**What you need to do:** Please transcribe only the lines between the one containing "Obraz premium 九条ネギ" and the end of the records, both ends included, exactly as written; skip every picture.

**Records provided:**
# # # # #

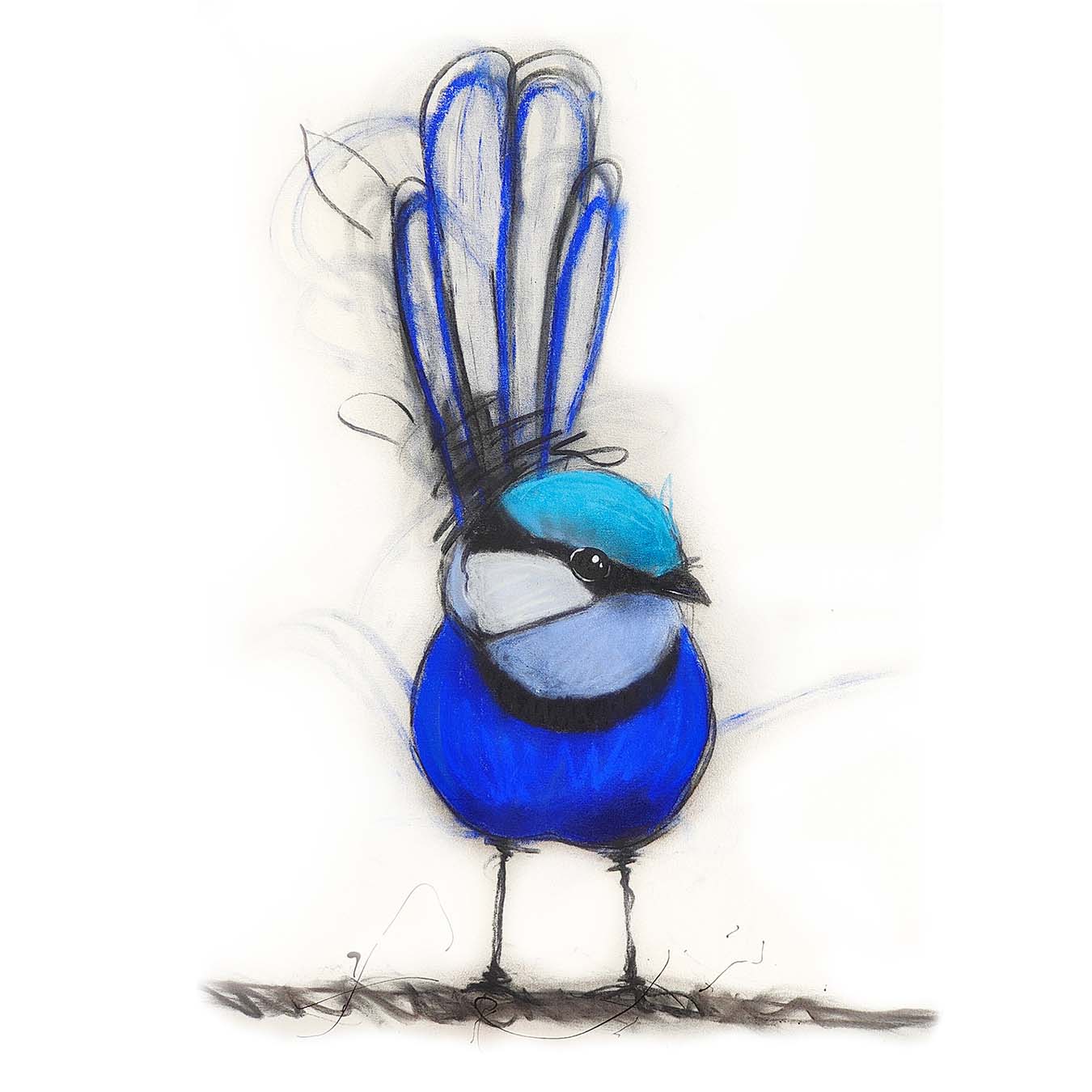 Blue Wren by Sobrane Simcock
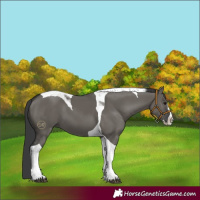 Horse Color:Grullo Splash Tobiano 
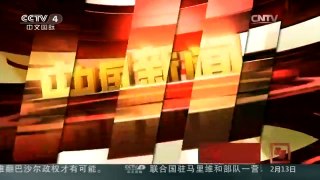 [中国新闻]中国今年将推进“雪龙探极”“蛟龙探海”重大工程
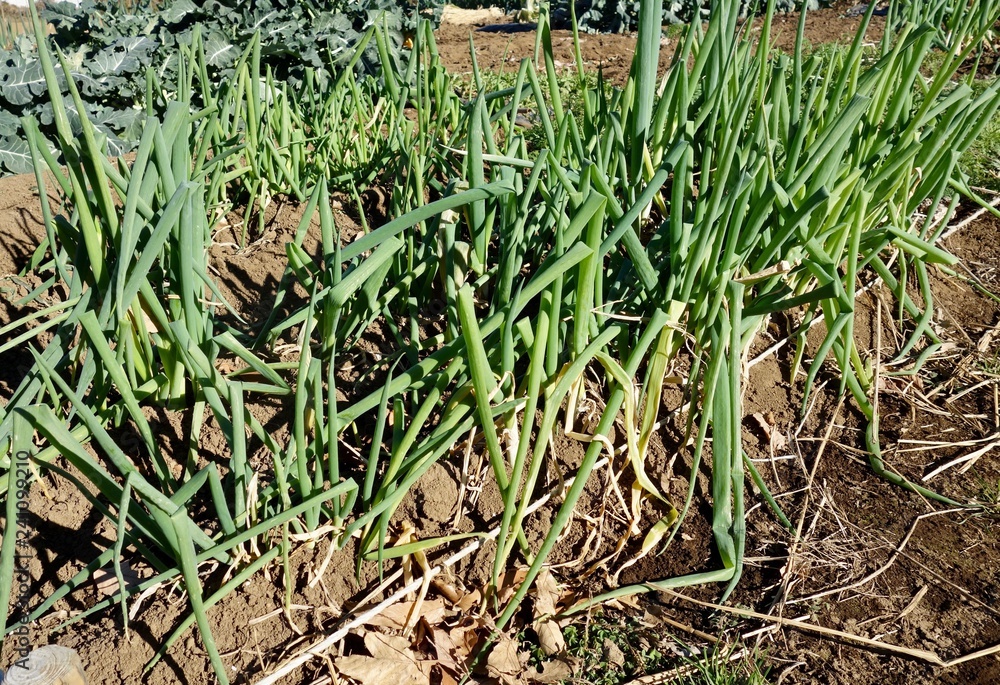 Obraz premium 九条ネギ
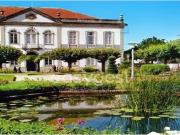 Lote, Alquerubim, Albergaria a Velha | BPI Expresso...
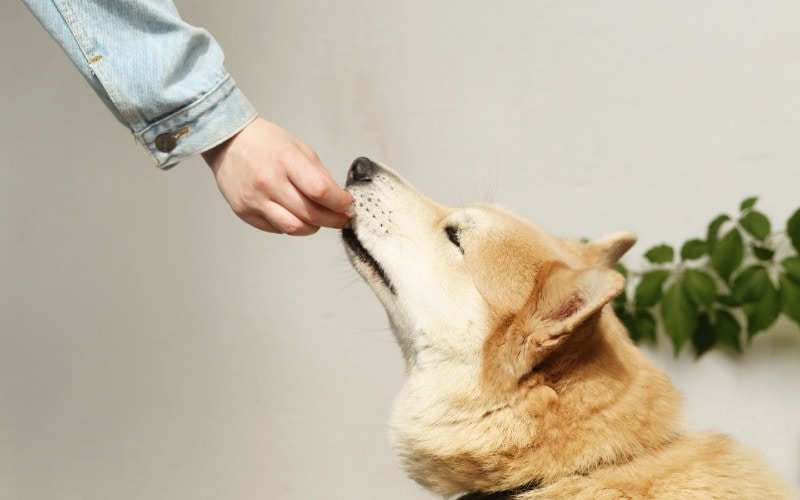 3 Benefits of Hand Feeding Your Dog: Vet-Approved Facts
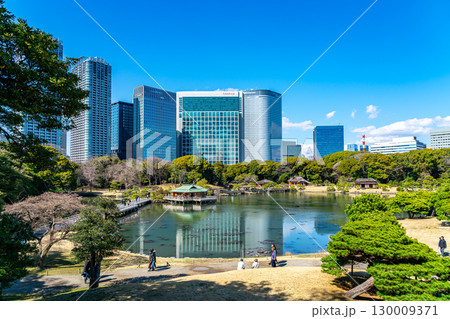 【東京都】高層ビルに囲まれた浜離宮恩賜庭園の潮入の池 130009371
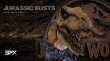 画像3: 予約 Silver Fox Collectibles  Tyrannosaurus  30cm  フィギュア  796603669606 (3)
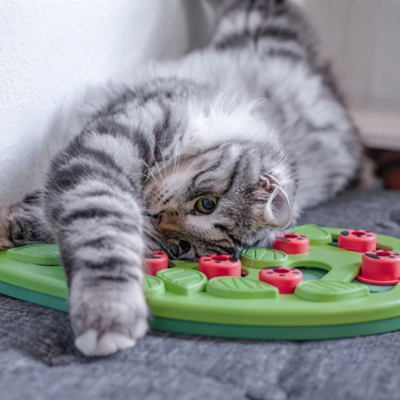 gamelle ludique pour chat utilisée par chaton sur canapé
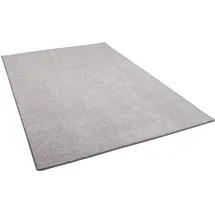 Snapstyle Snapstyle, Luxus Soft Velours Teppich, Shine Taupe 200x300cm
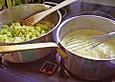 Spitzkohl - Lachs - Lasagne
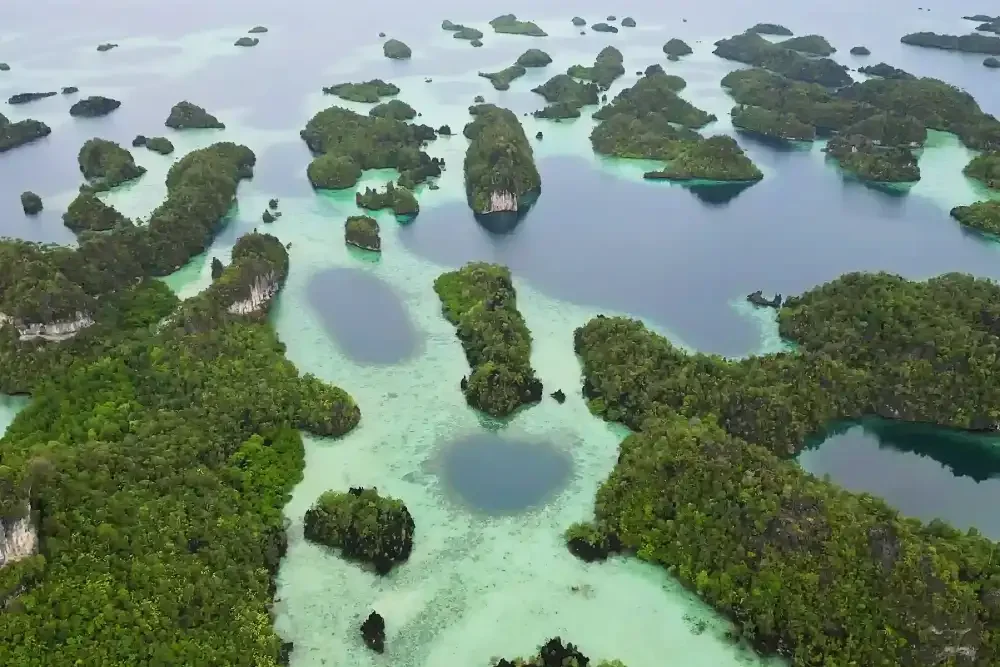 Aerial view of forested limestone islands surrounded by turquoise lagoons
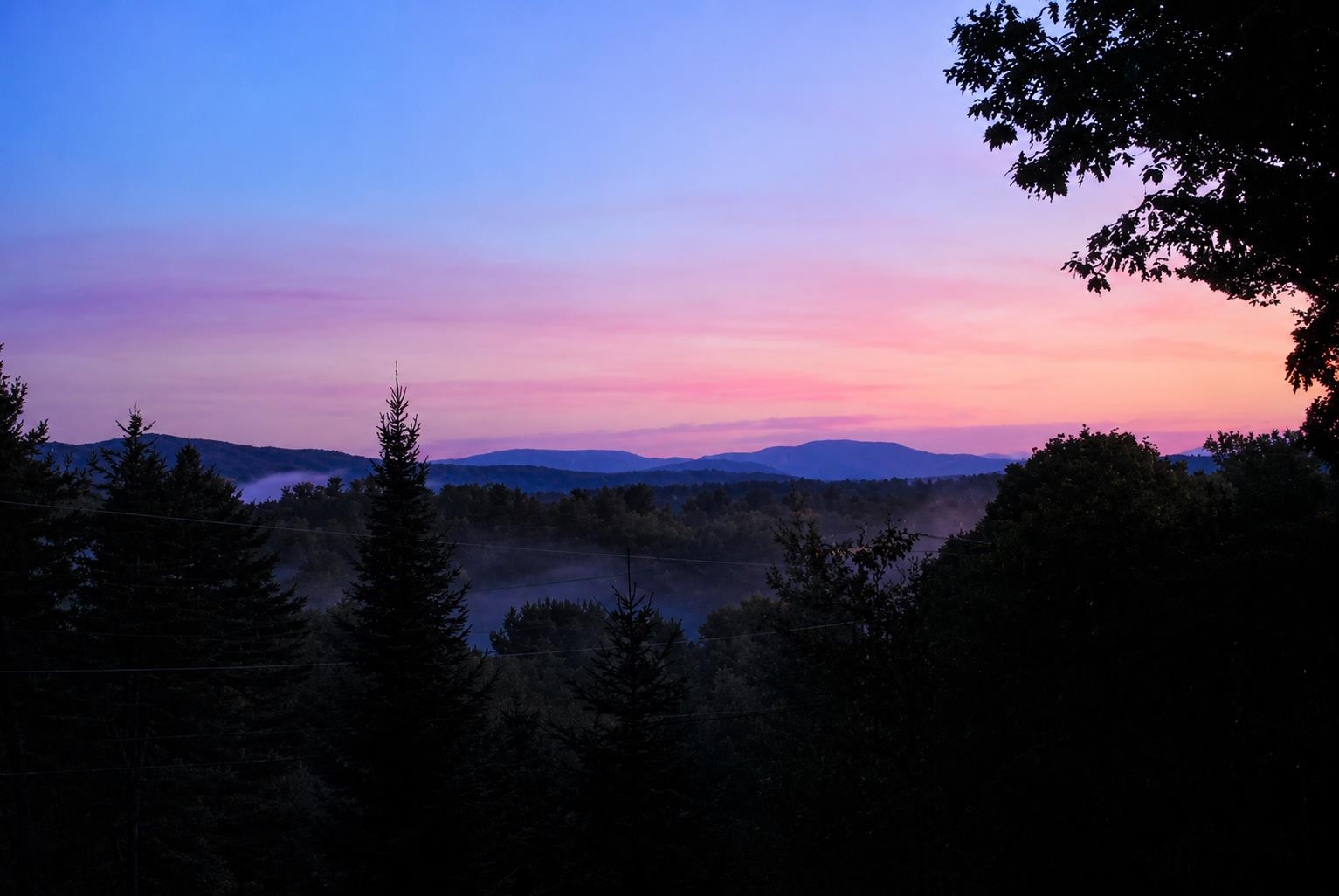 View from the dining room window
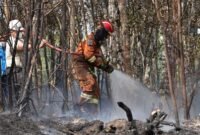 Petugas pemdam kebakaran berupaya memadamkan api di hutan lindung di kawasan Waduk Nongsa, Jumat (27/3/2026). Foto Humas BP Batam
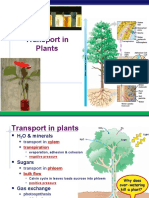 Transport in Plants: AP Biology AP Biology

# # # # #

**Answer to this exercise:**
 Obraz premium 九条ネギ
 Lote, Alquerubim, Albergaria a Velha | BPI Expresso...
 3 Benefits of Hand Feeding Your Dog: Vet-Approved Facts
 【東京都】高層ビルに囲まれた浜離宮恩賜庭園の潮入の池 130009371
 画像3: 予約 Silver Fox Collectibles  Tyrannosaurus  30cm  フィギュア  796603669606 (3)
 gamelle ludique pour chat utilisée par chaton sur canapé
 Snapstyle Snapstyle, Luxus Soft Velours Teppich, Shine Taupe 200x300cm
 Spitzkohl - Lachs - Lasagne
 Aerial view of forested limestone islands surrounded by turquoise lagoons
 View from the dining room window
 Petugas pemdam kebakaran berupaya memadamkan api di hutan lindung di kawasan Waduk Nongsa, Jumat (27/3/2026). Foto Humas BP Batam
 Transport in Plants: AP Biology AP Biology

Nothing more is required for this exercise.